# Introduction to NLP Fundamentals in TensorFlow

NLP has the goal of deriving information out of the natural language (could be sequences or speech)

Another common term for NLP problems is sequence to sequence problems (seq2seq)

## Check for GPU

In [1]:
!nvidia-smi -L

GPU 0: Quadro P2000 (UUID: GPU-45eb6a28-8b9a-6cc9-5299-32453fd1cd04)

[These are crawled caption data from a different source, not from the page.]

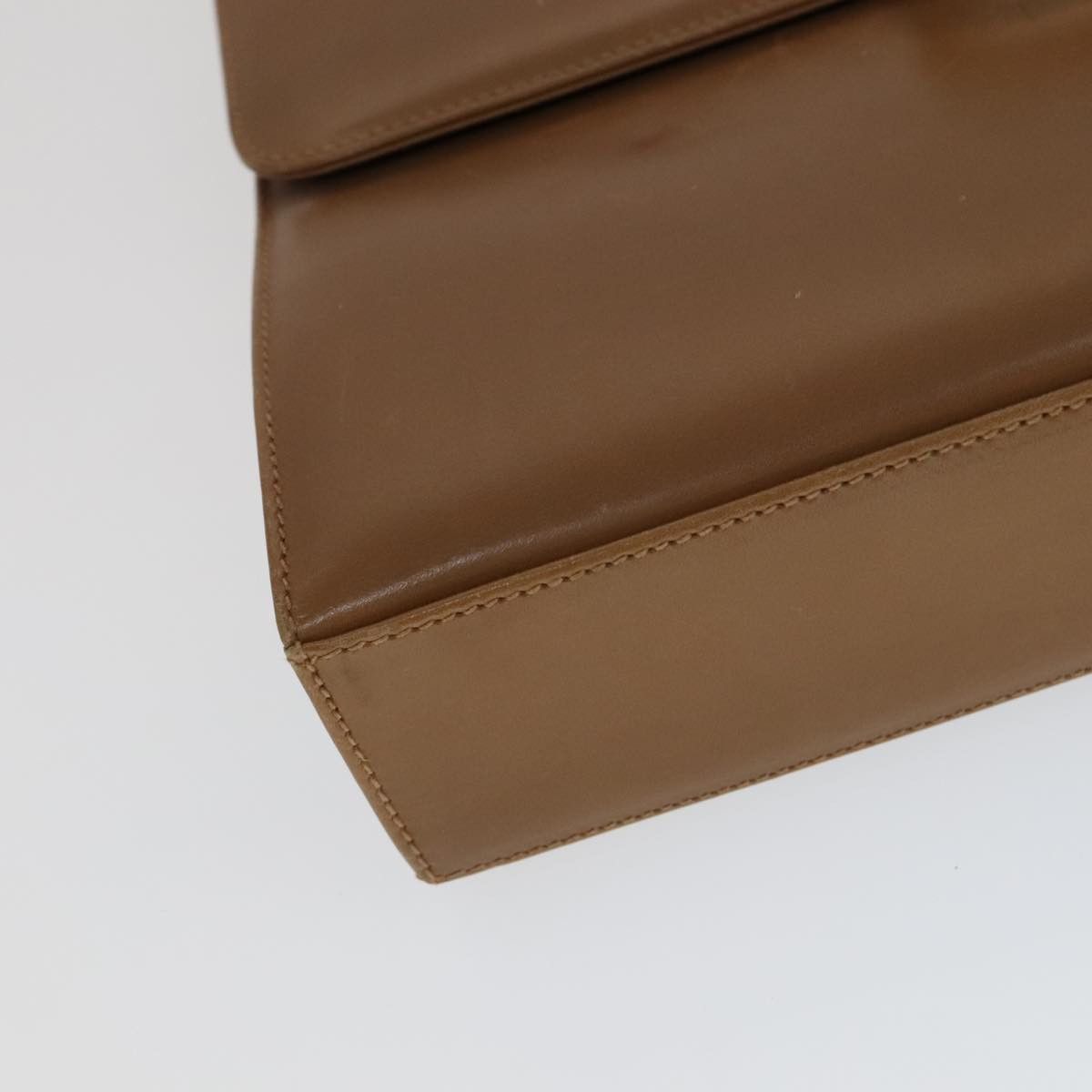 Salvatore Ferragamo Gancini Brown Leather Shoulder Bag (Pre-Owned) Size ONE SIZE - 9 Thumbnail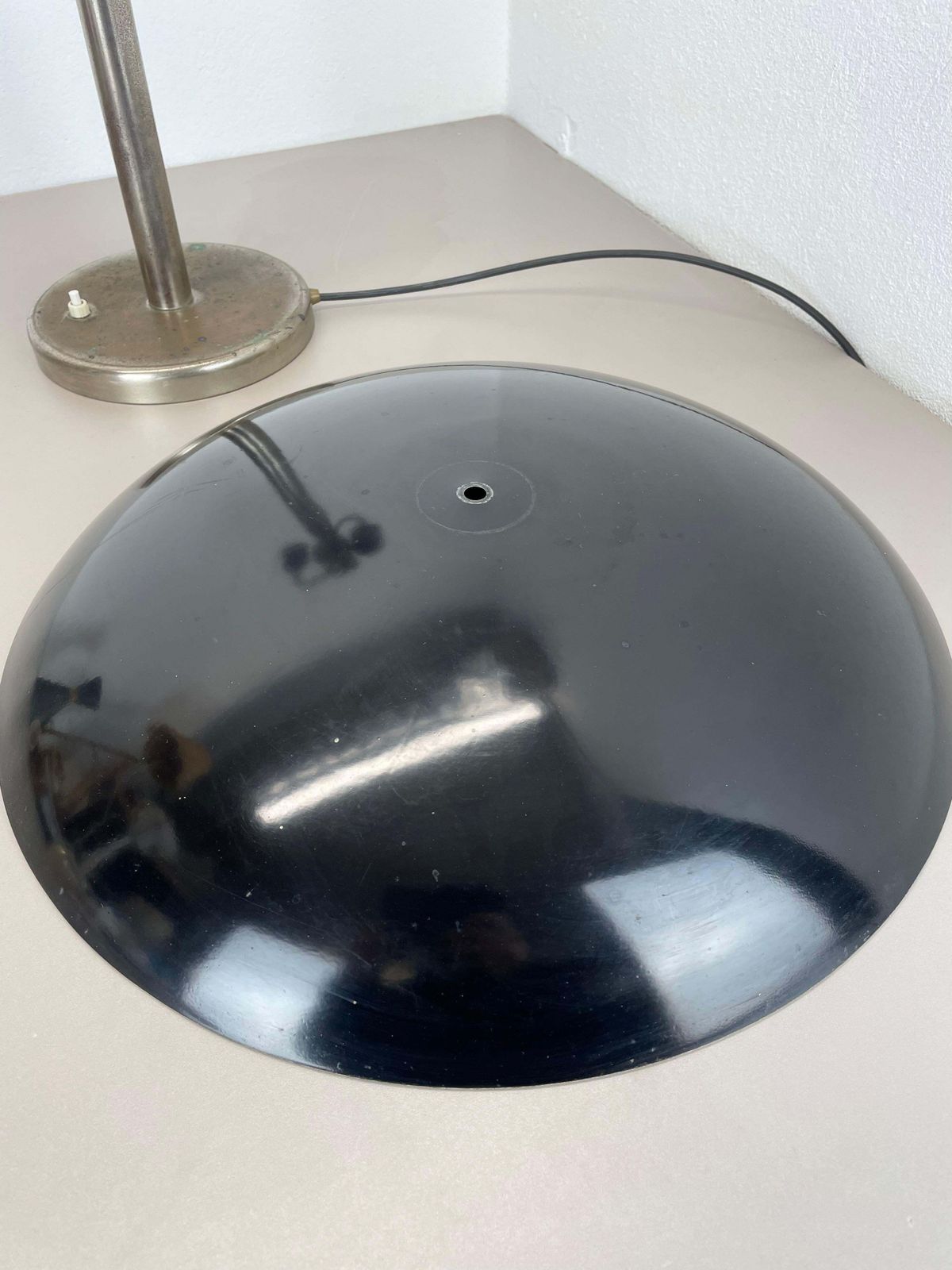 photo vintage Black Kaiser Idell 6604 Bauhaus Desk Light By Christian Dell, Germany, 1930s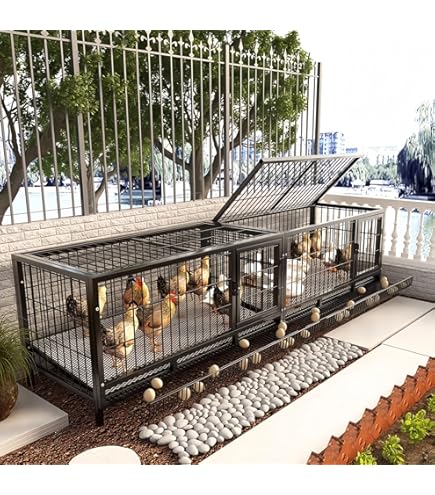Amazon.co.jp: ニワトリ小屋 キット カバー付きで持ち運び可能 卵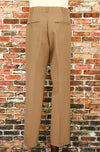 Vintage 70s Khaki Brown HUBBARD Polyester Dress Pants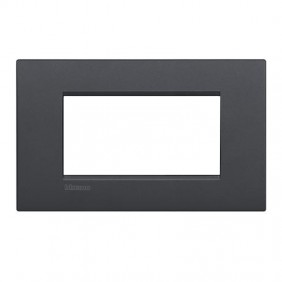 Bticino Livinglight placca AIR 4 moduli grigio...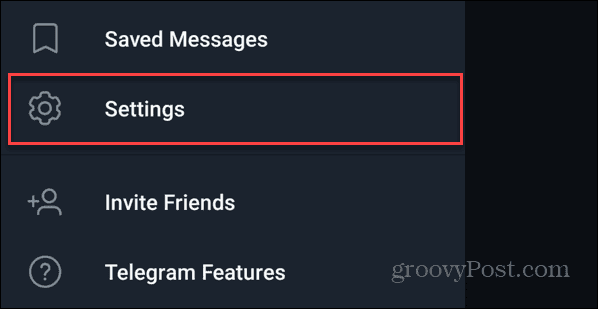 Nastavitve Telegrama v sistemu Android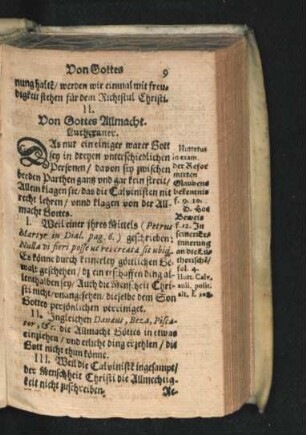 II. Von Gottes Allmacht.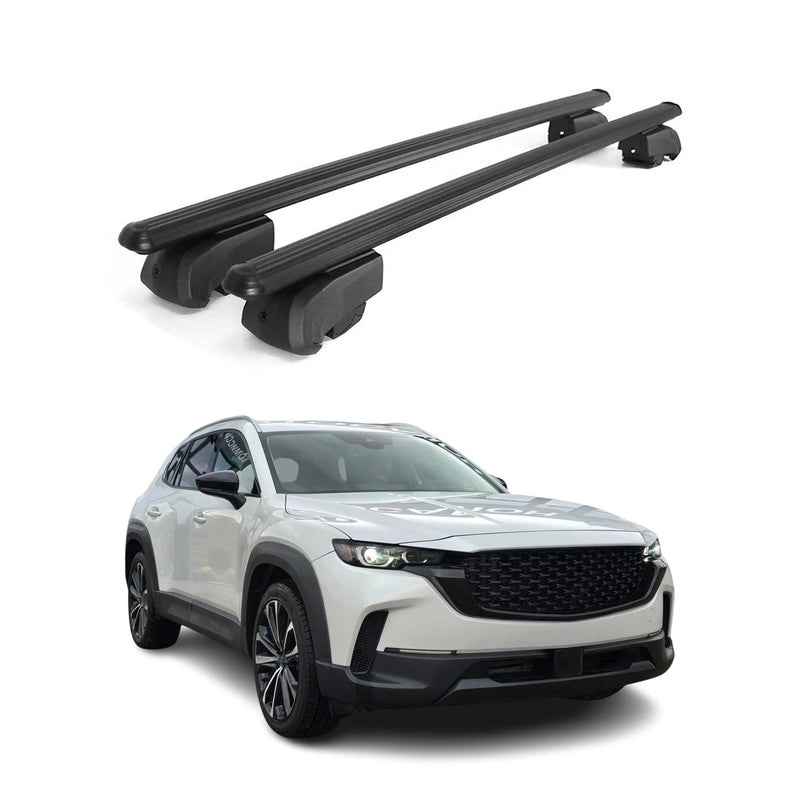 Portapacchi da tetto per Mazda CX-50 2023-2025 barra trasversale ABE alluminio nero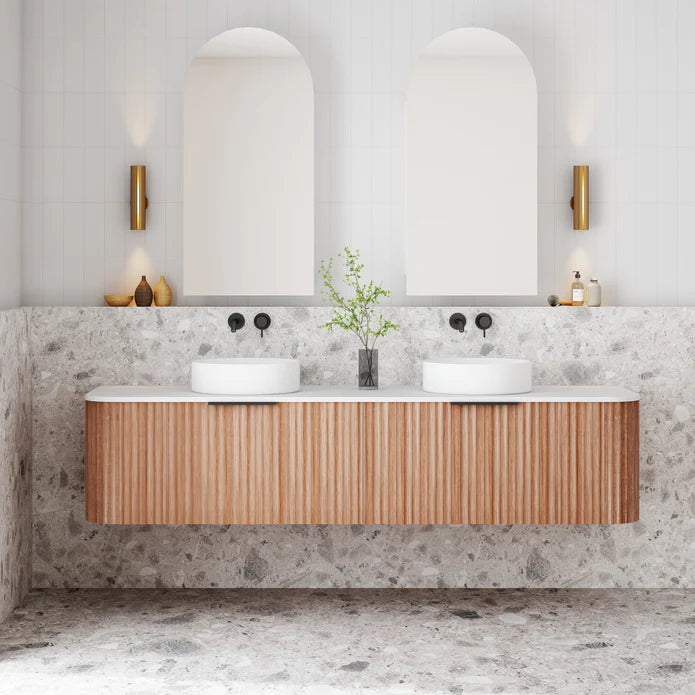 V-Groove 1800x500x390mm Walnut – Sannine Bathrooms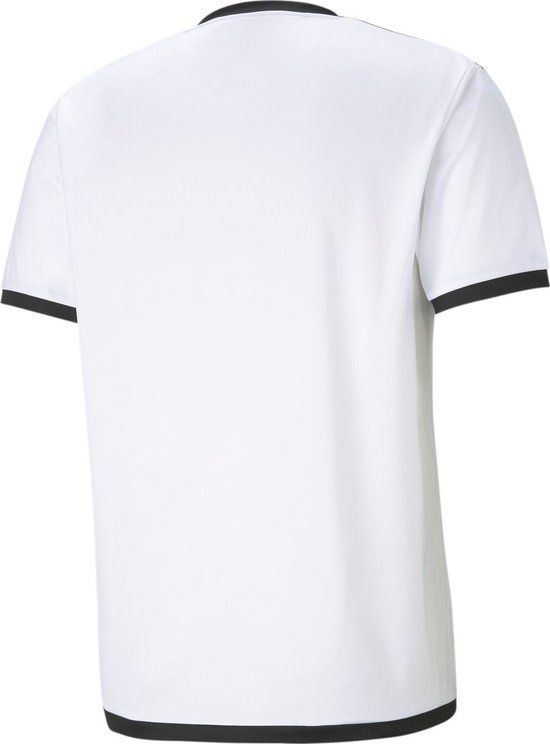 Puma teamLIGA Sportshirt Unisex - Maat 128 - wit - zwart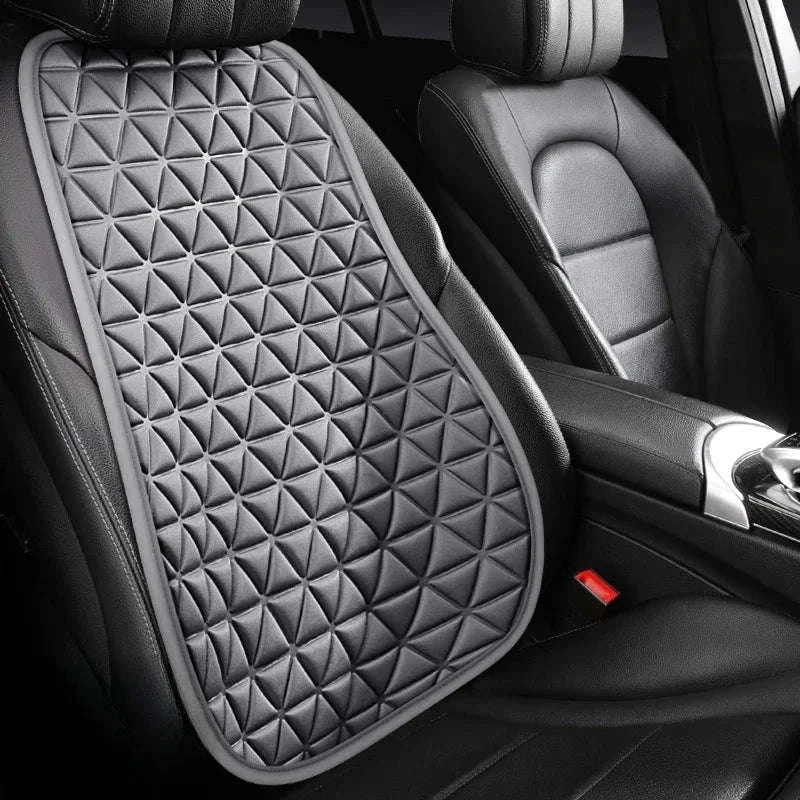 Breathable Fabric Car Seat Cover – 3D Massage Seat Cushion-Red 1Set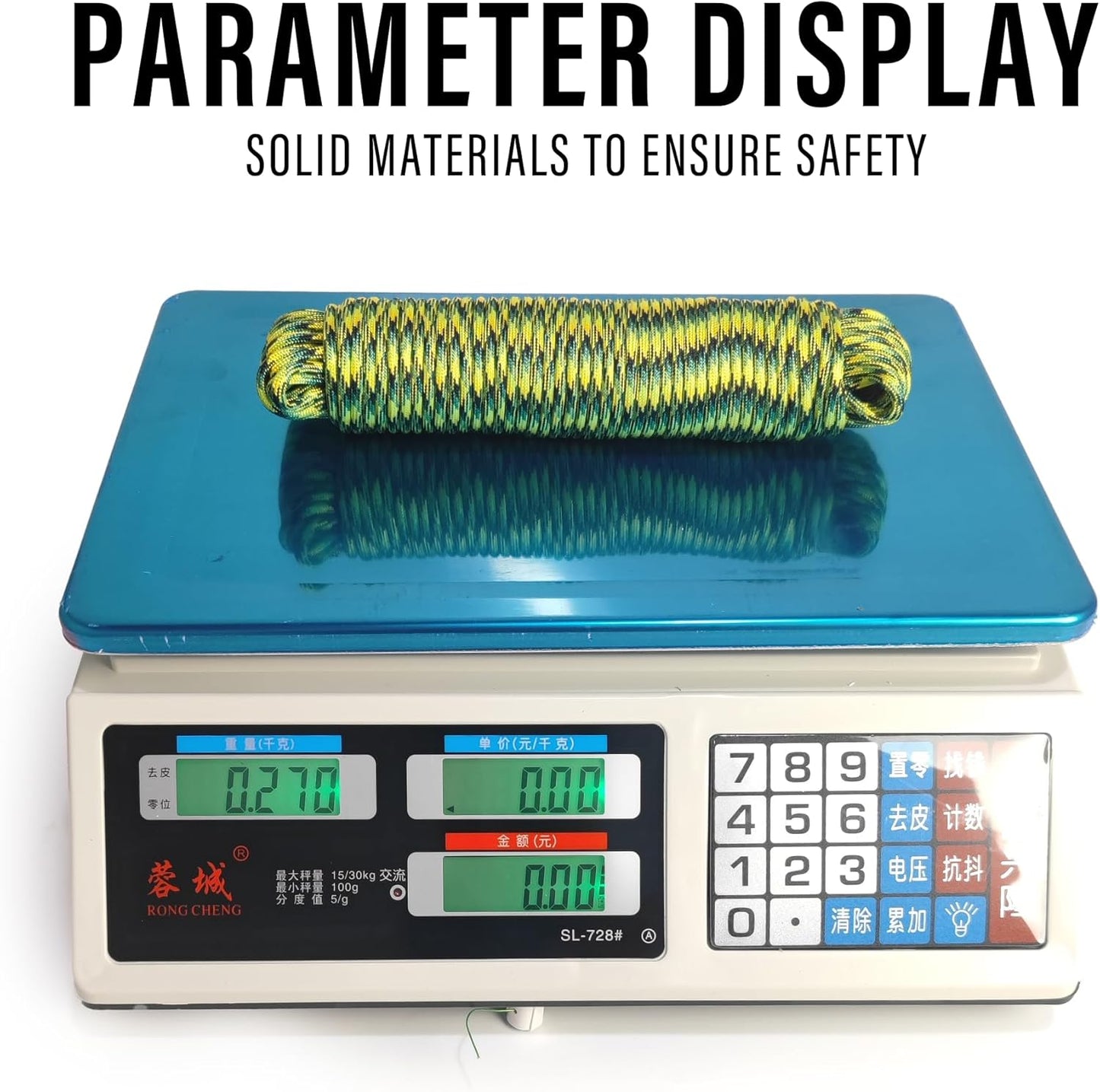 Braid 7 Strand Outdoor Survival Paracord Polyester Rope Nylon Rope Mix Thick Heavy Duty Ropes 5/32'' 100ft 2Packs High Strength Perfect for Clothesrope Camping Hiking and Other Outdoor Activities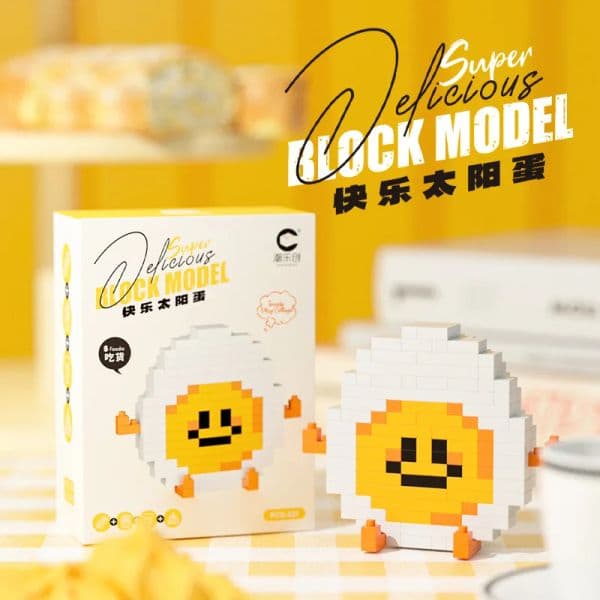 Mini Food Model Building Blocks for Children Creative Expert Hamburger, Fries Bricks Educational Assembly Toys, Desktop Ornament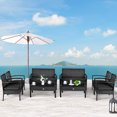 thumbnail image 1 of Gymax Set Of 8 Outdoor Patio Rattan Furniture Set Cushioned Sofa Coffee Table Garden Deck, 1 of 10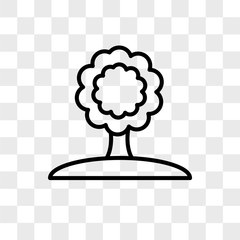 Poster - Tree vector icon isolated on transparent background, Tree logo design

## Get the helper functions 

In [3]:
# Import series of helper functions for the notebook
from helper_functions import unzip_data, create_tensorboard_callback, plot_loss_curves, compare_historys

## Get a text dataset

The dataset we are going to be using is Kaggle's introduction to NLP dataset (text samples of Tweets labelled as disaster or not disaster)

In [4]:
# Unzip data
unzip_data("nlp_getting_started.zip")

## Visualizing a text dataset

To visualize our text samples, we first have to read them in, one way would be to use python.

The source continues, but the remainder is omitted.